Material supplied START

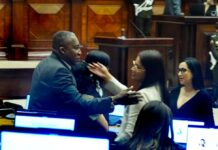 Asambleísta Roberto Cuero regresa al pleno tras suspensión de 30 días sin sueldo | Política | Noticias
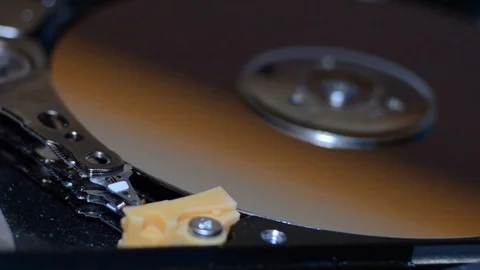  Hard disk, work from the inside, disassembly, disk rotation, head reading, macr Vídeo Stock 102057410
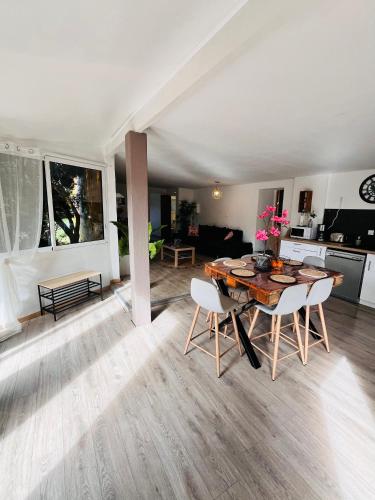 Location T3 Jardin Avec Piscine — hotel in Meze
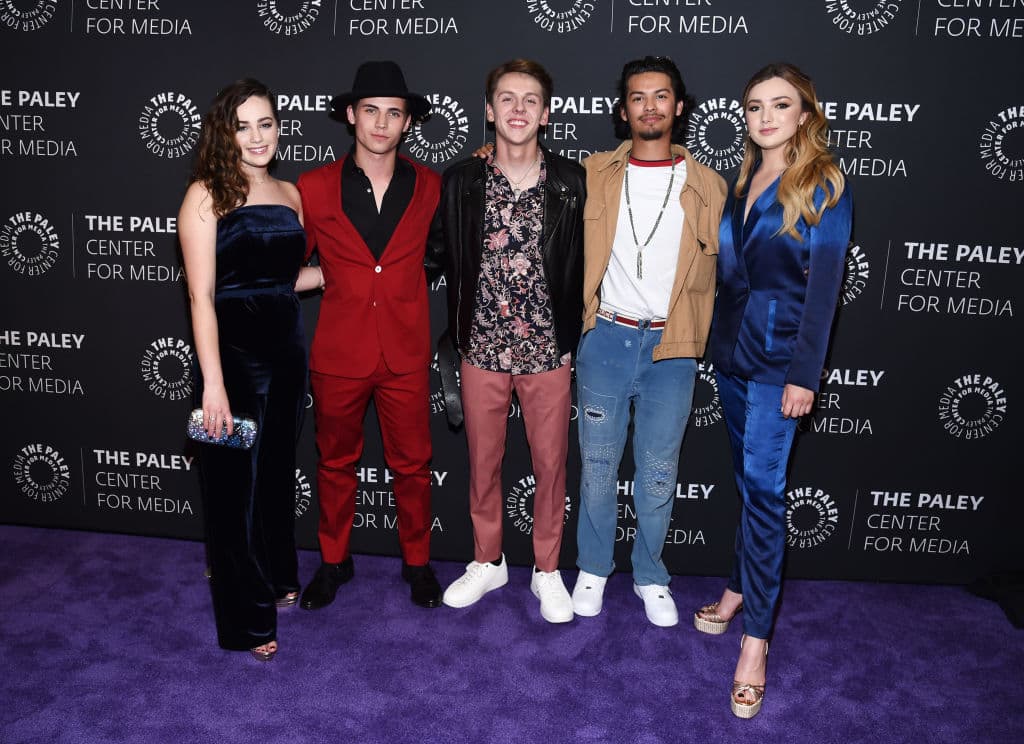 También podemos ver a John Kreese haciendo una llamada, por lo que podríamos ver el regreso de otro villano.
<br>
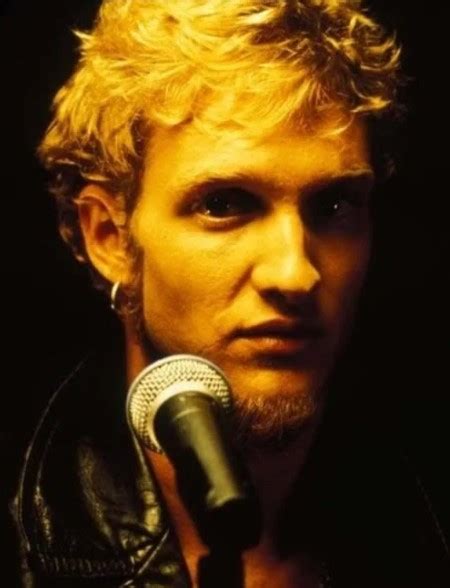 LAYNE STALEY: 13 Amazing Facts About ALICE IN CHAINS' Late Vocalist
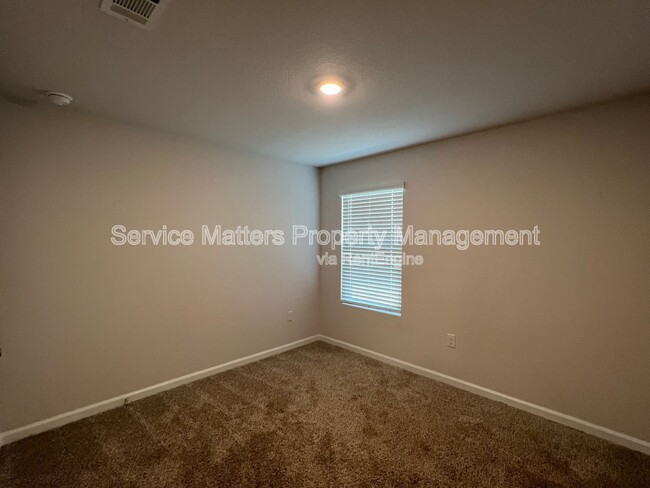 Building Photo - 5096 Gaineswood Dr
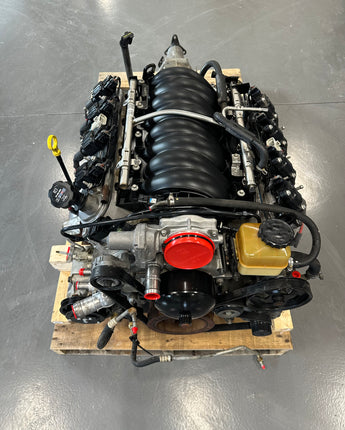 6.0 LS2 Engine 4L65 Automatic Transmission Drivetrain Pullout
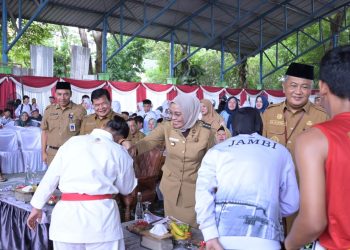 Siswa dan Guru di Kota Jambi Ukir Prestasi Hingga Internasional, Pj Wali Kota Jambi Berikan Apresiasi. (Foto : ist)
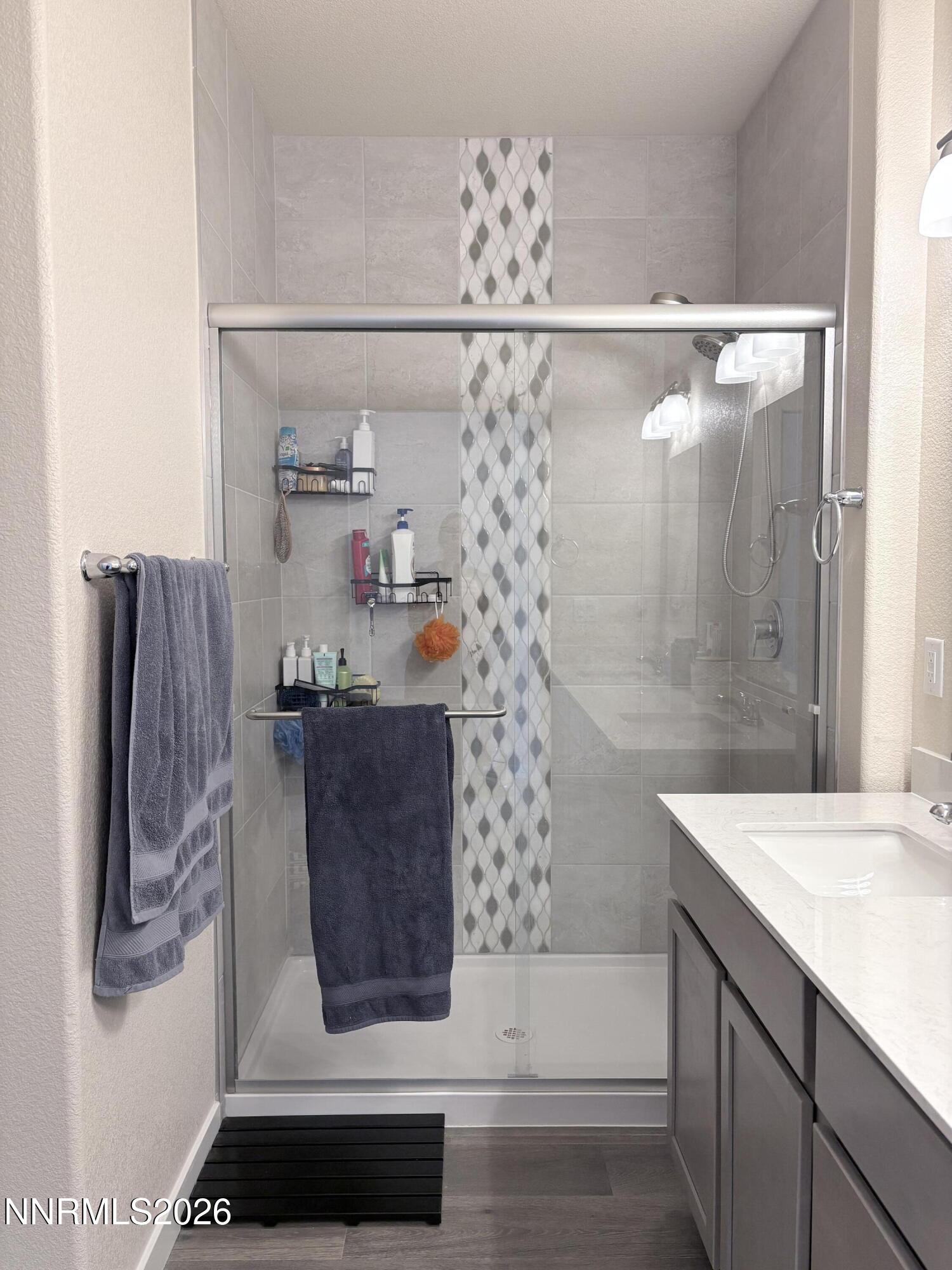 2408 Tecumseh Way Sparks, NV 89436 - Photo 29 of 34 Master_Shower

Material supplied END

Copy the listing above exactly, but only from the line with "Location T3 Jardin" through the line with "6.0 LS2 Engine", including those two lines and excluding any picture.

 Location T3 Jardin Avec Piscine — hotel in Meze
 También podemos ver a John Kreese haciendo una llamada, por lo que podríamos ver el regreso de otro villano.
<br>
 LAYNE STALEY: 13 Amazing Facts About ALICE IN CHAINS' Late Vocalist
 Building Photo - 5096 Gaineswood Dr
 6.0 LS2 Engine 4L65 Automatic Transmission Drivetrain Pullout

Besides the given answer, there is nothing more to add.